REPUBLIKA.CO.ID, GARUT -- Sebanyak sembilan desa di Kecamatan Sukawening dan Karangtengah, Kabupaten Garut, terdampak banjir bandang yang terjadi pada Sabtu (27/11). Sedikitnya, 312 KK terdampak akibat kejadian bencana itu.
Wakil Gubernur (Wagub) Jawa Barat (Jabar) Uu Ruzhanul Ulum mengatakan berdasarkan keterangan warga sekitar, banjir bandang itu merupakan kejadian yang kali pertama. Sebelumnya, di wilayah itu tak pernah terjadi banjir bandang.
"Tadi ada warga yang bilang sama saya, sudah 46 tahun baru kali ini terjadi banjir bandang," kata dia saat meninjau Kampung Ciloa, Desa Sukamekti, Kecamatan Sukawening, Kabupaten Garut, Ahad (28/11).
Uu menyebut curah hujan yang terjadi saat ini memang dalam kategori ekstrem. Namun, menurut dia, banjir bandang tak mungkin terjadi hanya karena curah hujan yang ekstrem.
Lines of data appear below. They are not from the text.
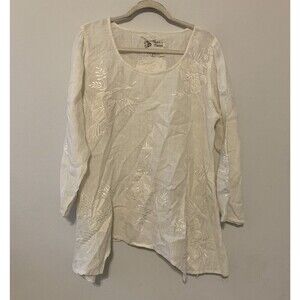 Heart's Desire By Mary Grace Blouse Small Linen Embroidered Flowy Prairie Tunic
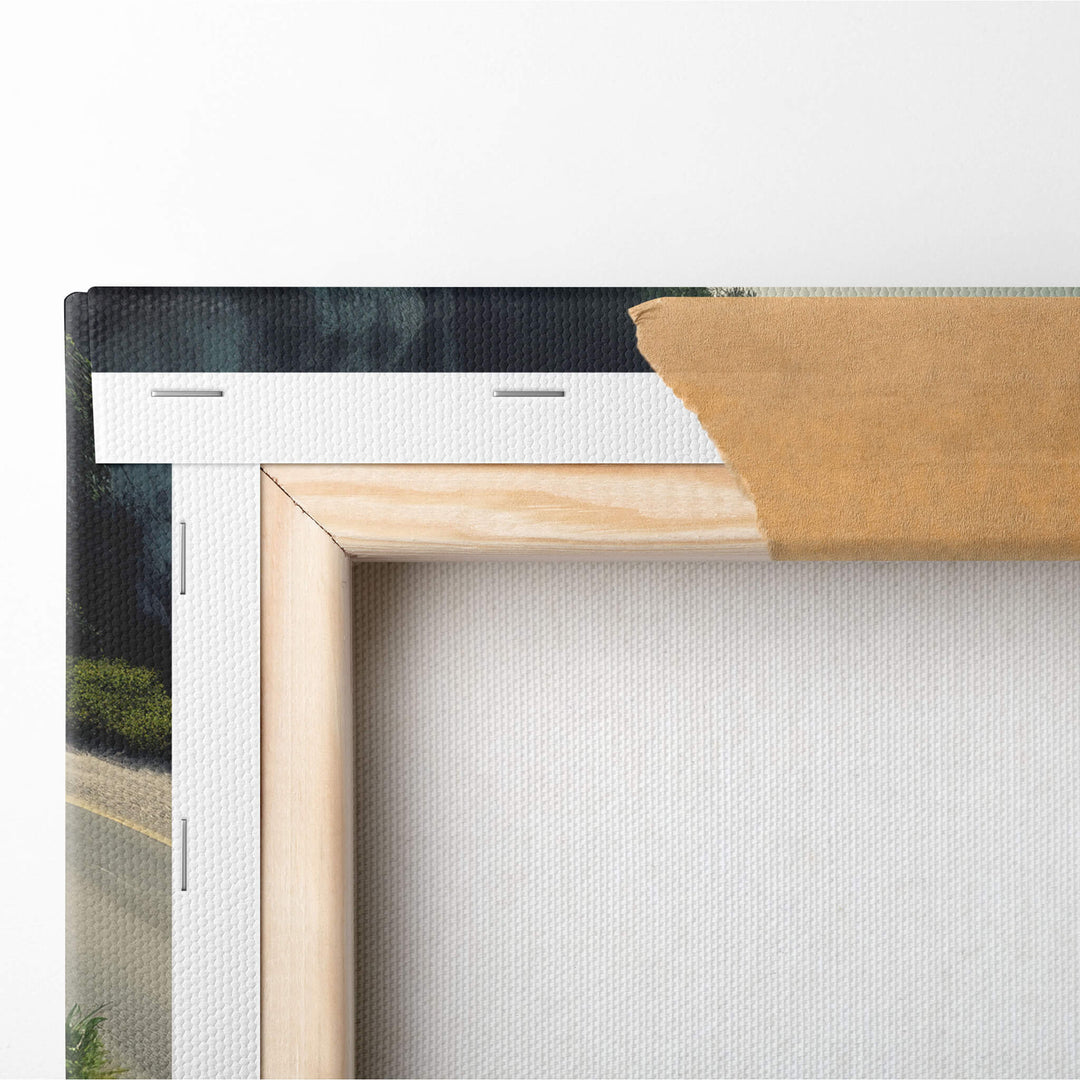Detailed image of the top left-hand corner of the canvas print showing the canvas stretched over the stretcher bars and stapled.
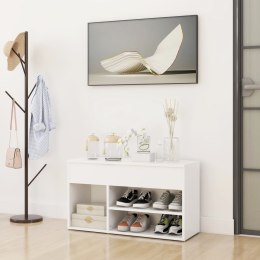 Lumarko Ławka z miejscem na buty, biała, 80x30x45 cm, płyta wiórowa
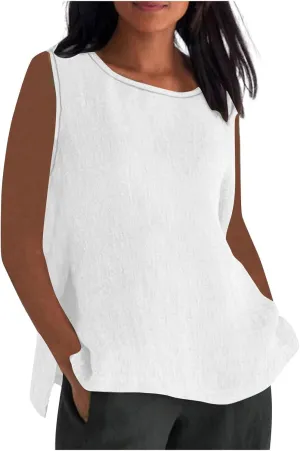 Women's High Neck Loose Tank Tops Breathable Cotton Linen Shirts Sleeveless Blouse Tops Summer Relaxed Fit Clothes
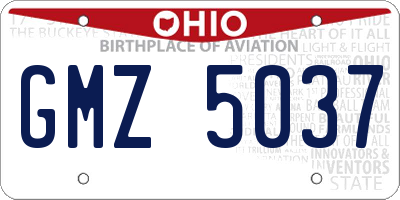 OH license plate GMZ5037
Artinya, ada faktor lain yang menyebabkan terjadinya banjir bandang.
Ia meilai, salah satu faktor yang menyebabkan banjir bandang adalah alih fungsi lahan. "Kalau resapan air tak terganggu, kemungkinan tak akan ada banjir bandang. Berarti ada alih fungsi lahan," kata dia.
Uu mengungkapkan alih fungsi lahan yang terjadi bukan berarti dilakukan secara ilegal. Namun, ada alih fungsi lahan yang legal. Sebab, ia menyebut, 70 persen hutan di Jabar mengalami fungsi untuk sumber ekonomi.
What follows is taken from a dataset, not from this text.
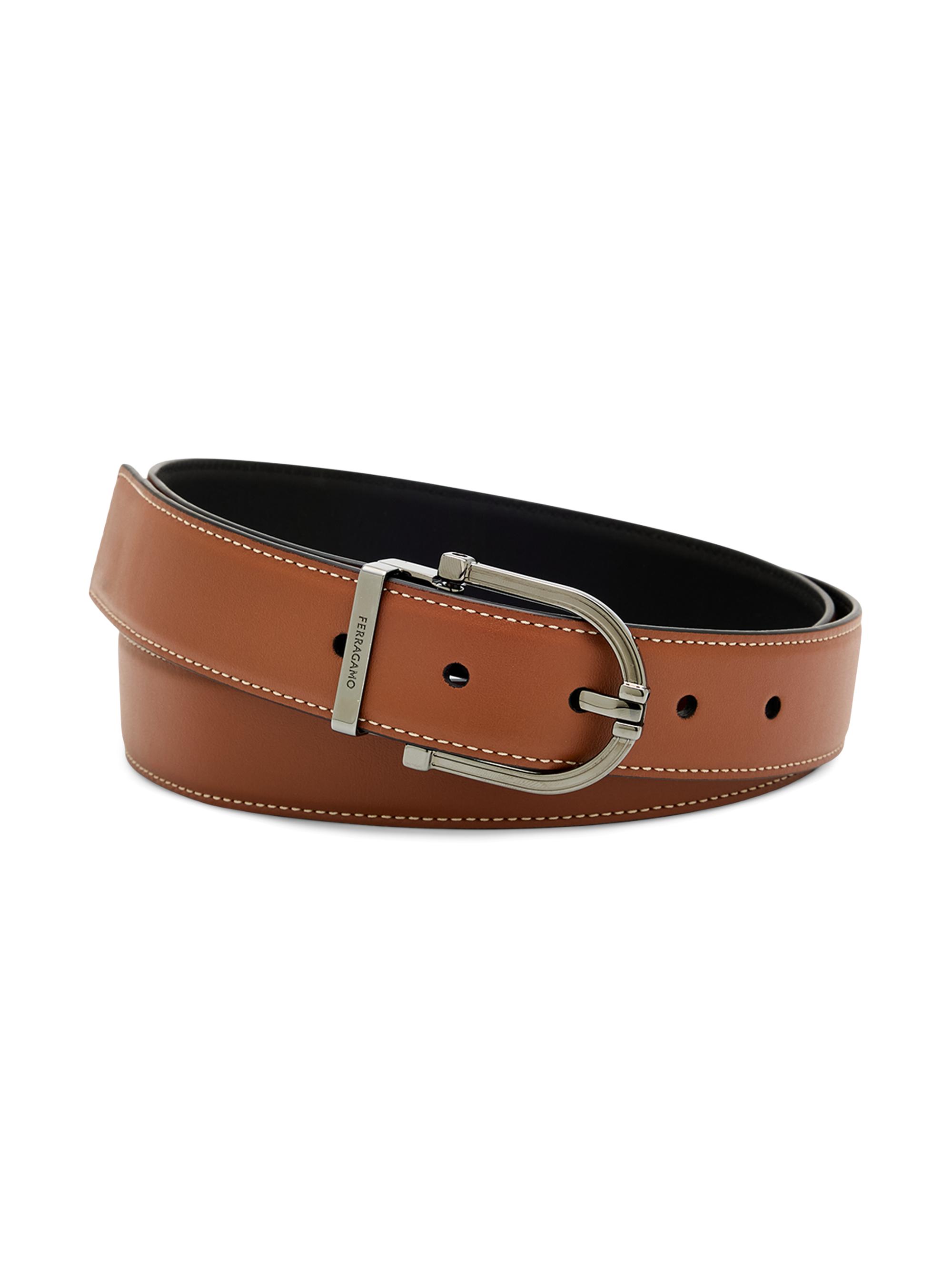 FERRAGAMO Men's Horseshoe-Buckle Double Adjustable Leather Belt - Brown Black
"Makanya sekarang kita sedang berpikir, alih fungsi ini diteruskan atau dievaluasi. Kita akan rapat untuk menentukan langkah agar kejadian ini tak terulang," ujar dia.
Apalagi, Uu mengatakan, saat ini banyak alih fungsi lahan untuk kawasan wisata. Menurut dia, di beberapa daerah terjadi banjir karena di hulunya dijadikan tempat wisata.
"Itu akan akan kami evaluasi," kata dia.